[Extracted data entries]
* * *

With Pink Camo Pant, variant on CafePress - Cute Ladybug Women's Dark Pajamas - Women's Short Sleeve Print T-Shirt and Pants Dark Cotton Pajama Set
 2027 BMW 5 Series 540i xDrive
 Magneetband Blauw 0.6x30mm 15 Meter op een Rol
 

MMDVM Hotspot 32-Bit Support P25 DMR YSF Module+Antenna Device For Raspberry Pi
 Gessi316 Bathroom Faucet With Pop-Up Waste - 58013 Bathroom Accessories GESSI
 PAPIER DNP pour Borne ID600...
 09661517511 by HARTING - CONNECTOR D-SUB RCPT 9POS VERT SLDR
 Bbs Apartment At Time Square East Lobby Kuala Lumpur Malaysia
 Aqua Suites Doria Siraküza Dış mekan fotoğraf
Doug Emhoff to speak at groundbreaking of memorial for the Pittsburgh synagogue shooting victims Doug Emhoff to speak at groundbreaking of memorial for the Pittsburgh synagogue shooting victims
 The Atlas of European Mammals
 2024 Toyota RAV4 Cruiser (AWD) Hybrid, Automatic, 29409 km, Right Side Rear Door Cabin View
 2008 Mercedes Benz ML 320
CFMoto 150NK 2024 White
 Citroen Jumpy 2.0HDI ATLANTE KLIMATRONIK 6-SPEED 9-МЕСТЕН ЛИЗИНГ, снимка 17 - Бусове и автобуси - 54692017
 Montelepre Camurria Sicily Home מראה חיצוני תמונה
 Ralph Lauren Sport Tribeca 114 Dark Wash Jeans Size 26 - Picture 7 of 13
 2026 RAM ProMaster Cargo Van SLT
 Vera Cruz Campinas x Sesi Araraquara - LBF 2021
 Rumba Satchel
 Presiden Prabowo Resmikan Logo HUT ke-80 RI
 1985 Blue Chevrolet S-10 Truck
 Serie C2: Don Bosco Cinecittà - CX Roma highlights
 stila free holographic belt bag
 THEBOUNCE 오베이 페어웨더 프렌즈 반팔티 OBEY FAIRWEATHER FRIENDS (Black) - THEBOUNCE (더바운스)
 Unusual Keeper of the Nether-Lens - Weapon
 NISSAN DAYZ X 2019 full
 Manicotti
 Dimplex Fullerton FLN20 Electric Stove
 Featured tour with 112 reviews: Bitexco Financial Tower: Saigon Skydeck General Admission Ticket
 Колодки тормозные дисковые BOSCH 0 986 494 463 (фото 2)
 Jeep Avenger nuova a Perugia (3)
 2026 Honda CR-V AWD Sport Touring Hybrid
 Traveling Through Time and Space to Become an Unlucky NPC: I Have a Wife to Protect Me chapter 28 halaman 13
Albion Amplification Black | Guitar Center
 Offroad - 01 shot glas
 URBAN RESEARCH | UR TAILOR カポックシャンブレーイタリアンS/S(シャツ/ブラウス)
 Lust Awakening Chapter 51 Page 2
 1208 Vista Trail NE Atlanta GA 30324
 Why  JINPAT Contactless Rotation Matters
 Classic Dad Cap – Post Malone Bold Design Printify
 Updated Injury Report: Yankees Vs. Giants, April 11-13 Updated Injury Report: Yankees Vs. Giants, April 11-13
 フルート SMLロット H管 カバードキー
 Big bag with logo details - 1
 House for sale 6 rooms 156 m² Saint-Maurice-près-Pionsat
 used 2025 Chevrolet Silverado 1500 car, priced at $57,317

* * *

What is needed>
Of the entries above, repeat exactly the lines between the line with "Serie C2: Don" and the line with "Big bag with logo details - 1", inclusive, and no others.

Output for this task>
 Serie C2: Don Bosco Cinecittà - CX Roma highlights
 stila free holographic belt bag
 THEBOUNCE 오베이 페어웨더 프렌즈 반팔티 OBEY FAIRWEATHER FRIENDS (Black) - THEBOUNCE (더바운스)
 Unusual Keeper of the Nether-Lens - Weapon
 NISSAN DAYZ X 2019 full
 Manicotti
 Dimplex Fullerton FLN20 Electric Stove
 Featured tour with 112 reviews: Bitexco Financial Tower: Saigon Skydeck General Admission Ticket
 Колодки тормозные дисковые BOSCH 0 986 494 463 (фото 2)
 Jeep Avenger nuova a Perugia (3)
 2026 Honda CR-V AWD Sport Touring Hybrid
 Traveling Through Time and Space to Become an Unlucky NPC: I Have a Wife to Protect Me chapter 28 halaman 13
Albion Amplification Black | Guitar Center
 Offroad - 01 shot glas
 URBAN RESEARCH | UR TAILOR カポックシャンブレーイタリアンS/S(シャツ/ブラウス)
 Lust Awakening Chapter 51 Page 2
 1208 Vista Trail NE Atlanta GA 30324
 Why  JINPAT Contactless Rotation Matters
 Classic Dad Cap – Post Malone Bold Design Printify
 Updated Injury Report: Yankees Vs. Giants, April 11-13 Updated Injury Report: Yankees Vs. Giants, April 11-13
 フルート SMLロット H管 カバードキー
 Big bag with logo details - 1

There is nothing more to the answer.